DATA EXTRACT section start

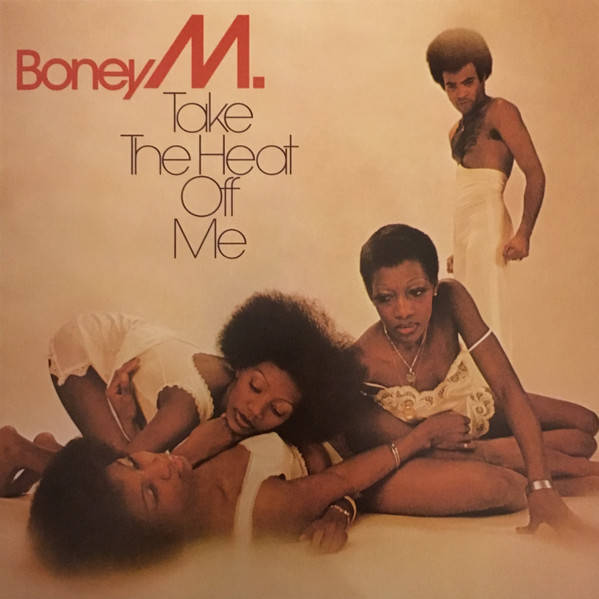 Boney M. – Take The Heat Off Me LP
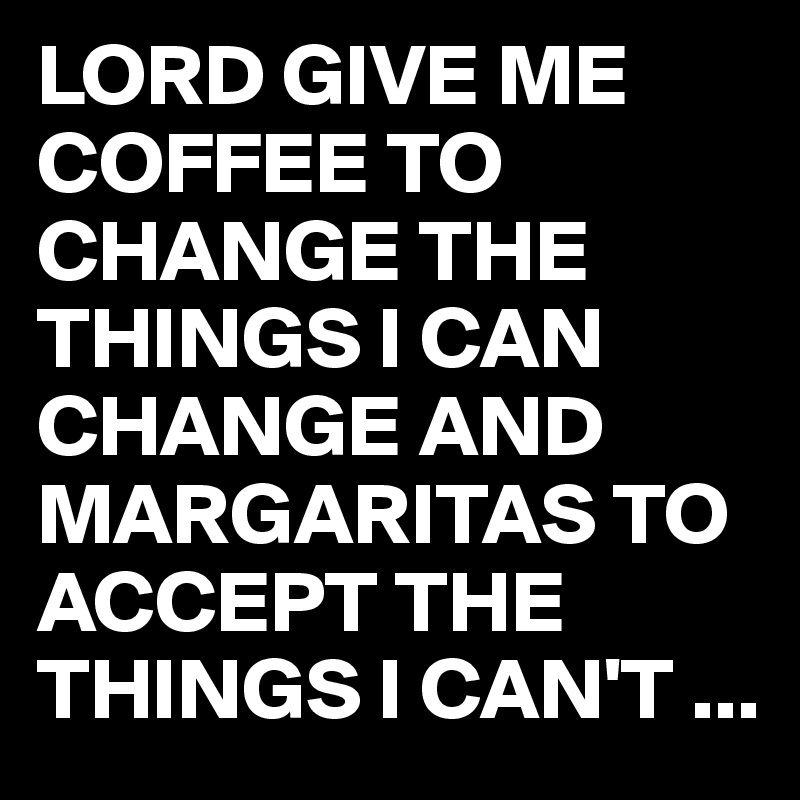 LORD GIVE ME COFFEE TO CHANGE THE THINGS I CAN CHANGE AND MARGARITAS TO ACCEPT THE THINGS I CAN'T ...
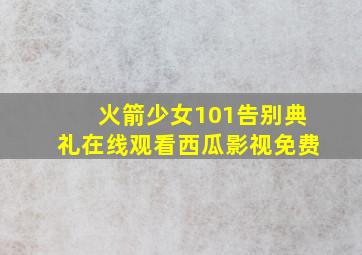 火箭少女101告别典礼在线观看西瓜影视免费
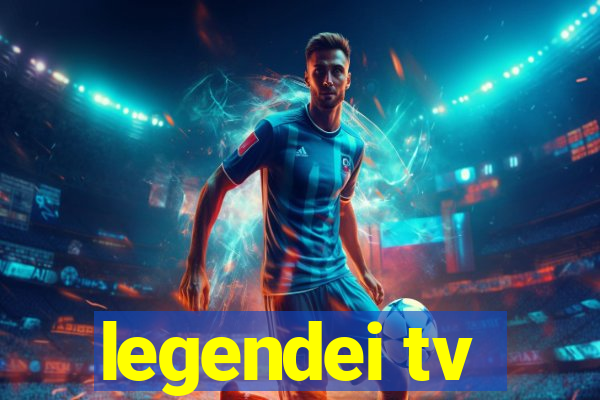 legendei tv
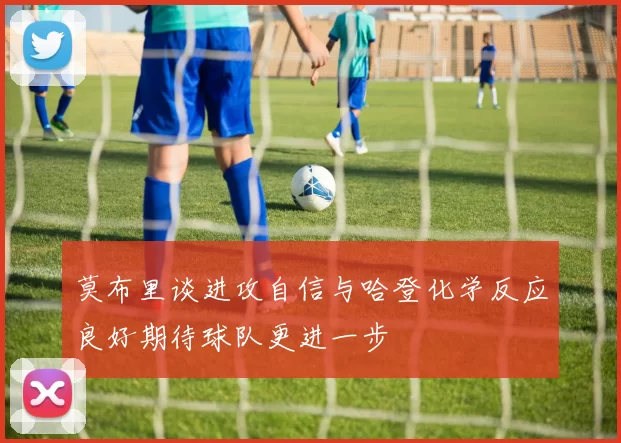 莫布里谈进攻自信与哈登化学反应良好期待球队更进一步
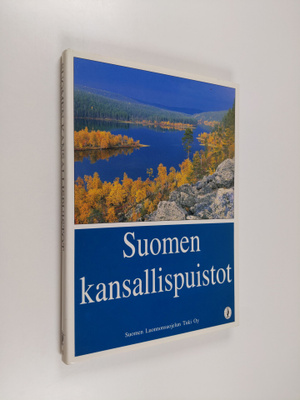 Arno (toim.) Rautavaara : Suomen kansallispuistot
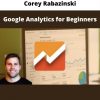 Google Analytics For Beginners By Corey Rabazinski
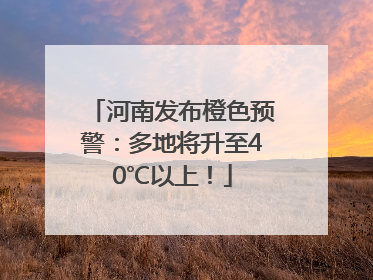 河南发布橙色预警：多地将升至40℃以上！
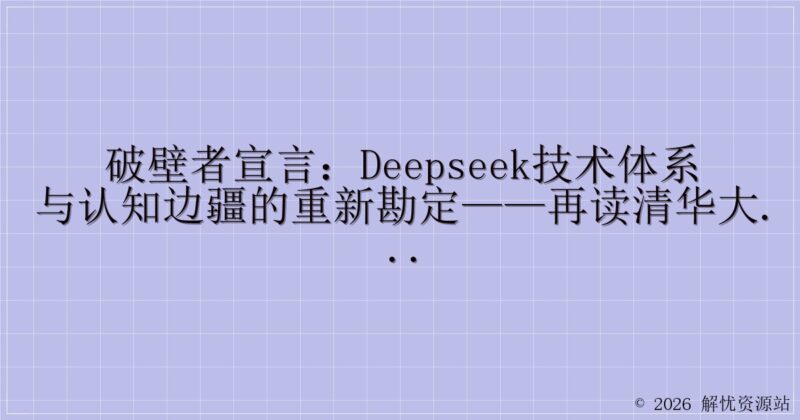 破壁者宣言：DeepSeek技术体系与认知边疆的重新勘定——再读清华大学《DeepSeek从入门到精通》的范式突围-解忧资源站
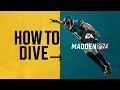 How to Dive in Madden 24 Xbox Playstation PC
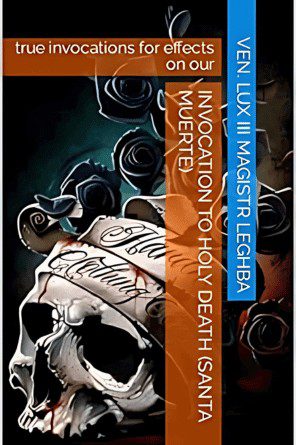 Invocation to Holy DEATH (santa Muerte): true invocations for effects on our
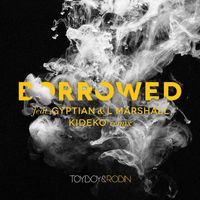 Toyboy & Robin - Borrowed (feat. Gyptian & L Marshall) (Kideko Remix)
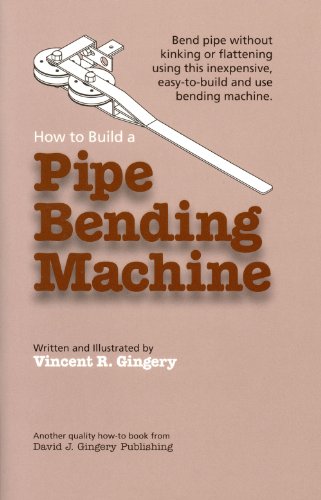 Stock image for How to Build a Pipe Bending Machine for sale by Better World Books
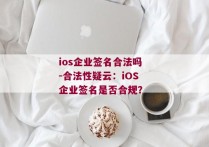 ios企业签名合法吗-合法性疑云：iOS企业签名是否合规？ 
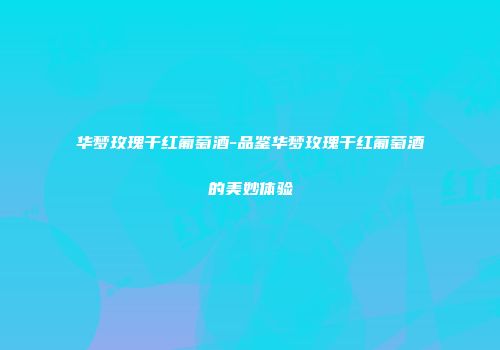 华梦玫瑰干红葡萄酒-品鉴华梦玫瑰干红葡萄酒的美妙体验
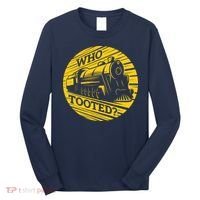 Who Tooted Funny Train Lover Cute Model Railroad Conductor Long Sleeve Shirt thumb 0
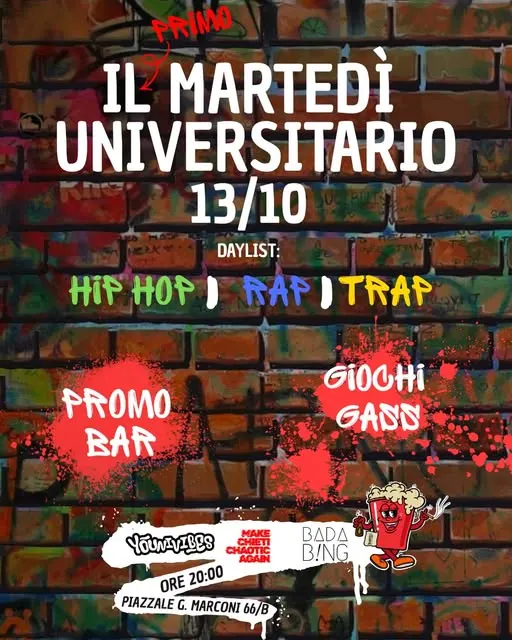 Locandina: il martedì universitario del 13 ottobre, hip hop, rap e trap, promo bar e giochi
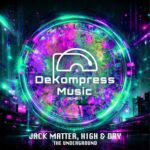 Jack Matter, High & Dry – The Underground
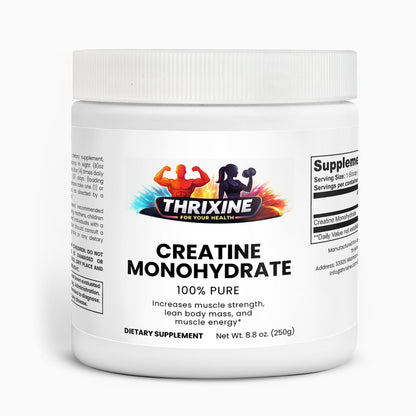 Thrixine Creatine Monohydrate - Made with Love in the USA
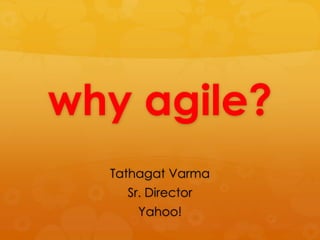 why agile?
  Tathagat Varma
    Sr. Director
     Yahoo!
 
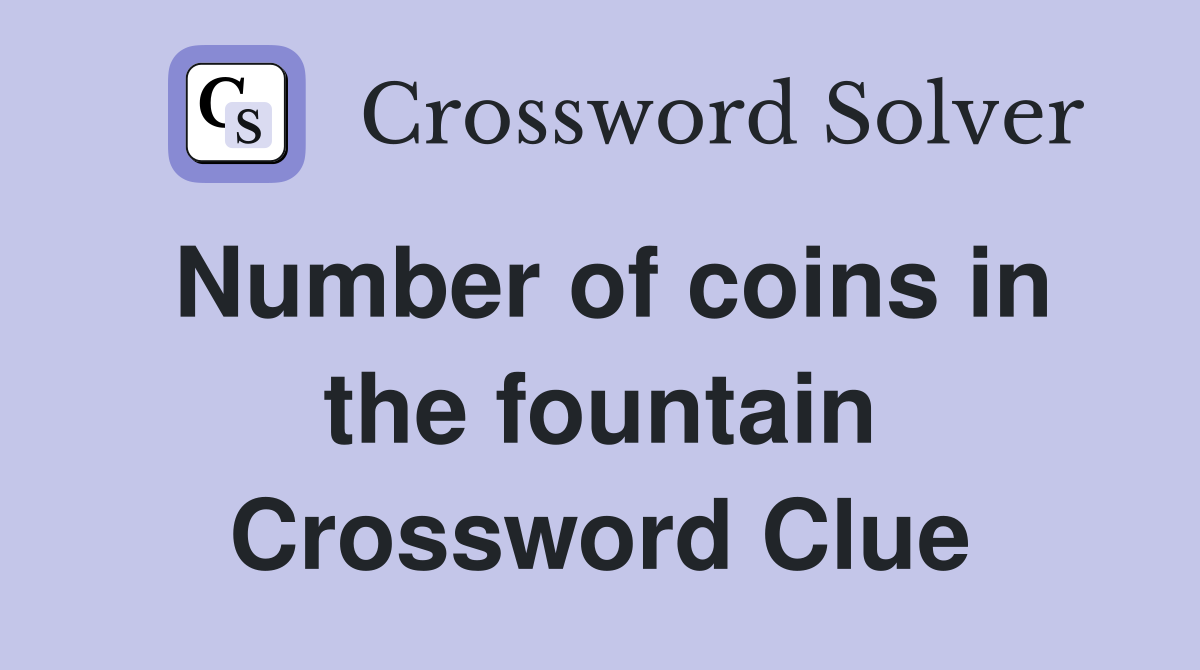 Number of coins in the fountain Crossword Clue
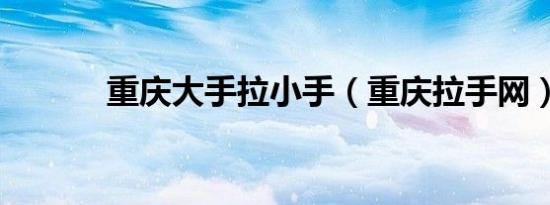 重庆大手拉小手（重庆拉手网）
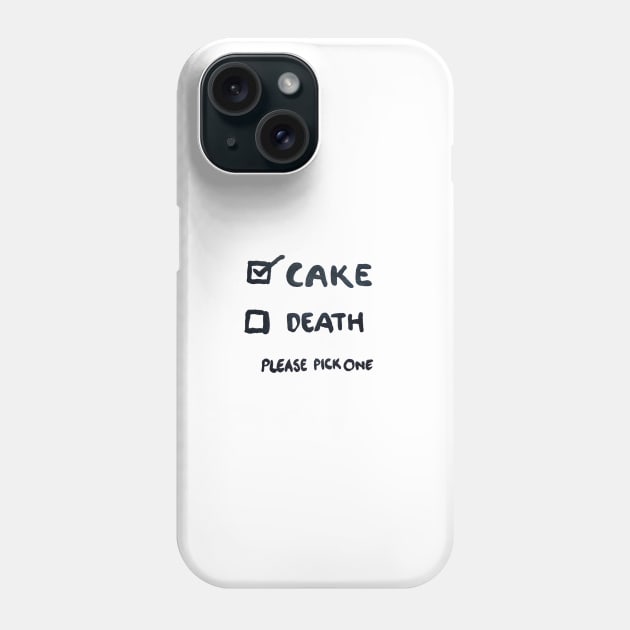 Cake or Death tick boxes - cake please! Phone Case by TillaCrowne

DATA EXTRACT section end

> **WORK ITEM**: Would you copy all of the data exactly? Keep the pictures out of it.

> **SOLUTION FOR THIS TASK**:
 Boney M. – Take The Heat Off Me LP
 LORD GIVE ME COFFEE TO CHANGE THE THINGS I CAN CHANGE AND MARGARITAS TO ACCEPT THE THINGS I CAN'T ...
 火箭少女101告别典礼在线观看西瓜影视免费
 legendei tv
 莫布里谈进攻自信与哈登化学反应良好期待球队更进一步
 Arno (toim.) Rautavaara : Suomen kansallispuistot
 Google Analytics For Beginners By Corey Rabazinski
 河南发布橙色预警：多地将升至40℃以上！
 破壁者宣言：DeepSeek技术体系与认知边疆的重新勘定——再读清华大学《DeepSeek从入门到精通》的范式突围-解忧资源站
 How to Dive in Madden 24 Xbox Playstation PC
 Invocation to Holy DEATH (santa Muerte): true invocations for effects on our
 Toyboy & Robin - Borrowed (feat. Gyptian & L Marshall) (Kideko Remix)
 Stock image for How to Build a Pipe Bending Machine for sale by Better World Books
 ios企业签名合法吗-合法性疑云：iOS企业签名是否合规？ 
 华梦玫瑰干红葡萄酒-品鉴华梦玫瑰干红葡萄酒的美妙体验
 Who Tooted Funny Train Lover Cute Model Railroad Conductor Long Sleeve Shirt thumb 0
 Locandina: il martedì universitario del 13 ottobre, hip hop, rap e trap, promo bar e giochi
 Jack Matter, High & Dry – The Underground
 Thrixine Creatine Monohydrate - Made with Love in the USA
 why agile?
  Tathagat Varma
    Sr. Director
     Yahoo!
 
 Number of coins in the fountain Crossword Clue
 重庆大手拉小手（重庆拉手网）
 Cake or Death tick boxes - cake please! Phone Case by TillaCrowne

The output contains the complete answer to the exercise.